How does the HMRC arrive at figure?
If they know all the companies that he’s used, then surely they know what he’s been paid?

Thanks in advance.

Replies - Newest Posts First (Show In Chronological Order)

Stubbo 10:05 Thu Feb 24
Re: Loan Charge HMRC
This might be worth your mate listening to;

https://bit.ly/34XAbfa

All about a proposed settlement for dealing with the loan charge

Vexed 3:27 Thu Feb 24
Re: Loan Charge HMRC
Westside 9:57 Thu Feb 24

I can tell you from experience it's a lot less generous, depending on how much of your mortgage is interest and if you're basic rate or higher rate tax payer. I'm finding that it's made a large difference to the profits received. As a result rent goes up.

overbyyer 3:23 Thu Feb 24
Re: Loan Charge HMRC
One Flew wrote...

Re: Loan Charge HMRC

Equally for those that think that using a legitimate tax avoidance scheme (this one apparently isn’t) is somehow cheating the system, then they should ask themselves why the scheme is in place in the first place. The complaints usually come from someone on PAYE that is in a pretty secure job and is directed at those that have very limited if any employment protection.
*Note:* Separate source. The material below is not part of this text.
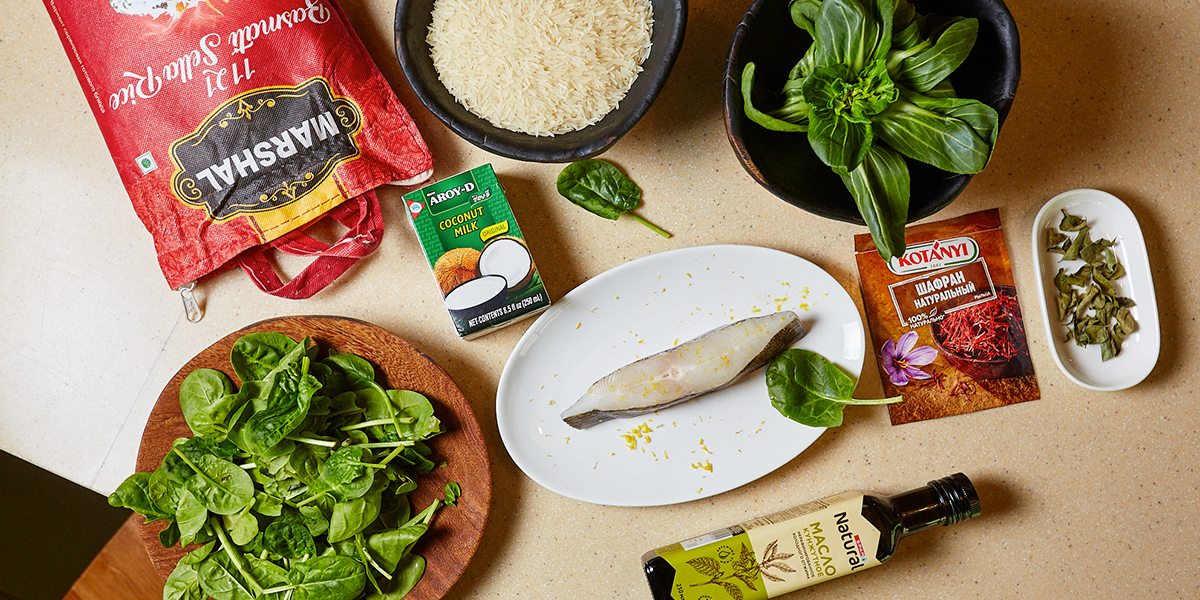 Китайское — в тренде. Что такое бок-чой и как он поможет в развитии бизнес-процессов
Its no though is it - the day rate for sole bod Ltd Co's is far, far higher than the equivalent day rate of a PAYE employee, that is intended to make up for the lack of holiday pay, sick pay and notice/redundancy security.

A lot of those bods work in the same roles as PAYE bods and have the same job security as them, albeit not written in an employment contract.

It was convenient for the employer and it was convenient/lucrative for the bod.

These are the same bods that were whining about the lack of furlough payments, having chosen to pay themselves in dividends rather then salaries, further saving themselves income tax.

Westside 9:57 Thu Feb 24
Re: Loan Charge HMRC
Yes it's a tax credit, but in the scheme of things it's tiny compared to being able to write off all mortgage interest as it was previously.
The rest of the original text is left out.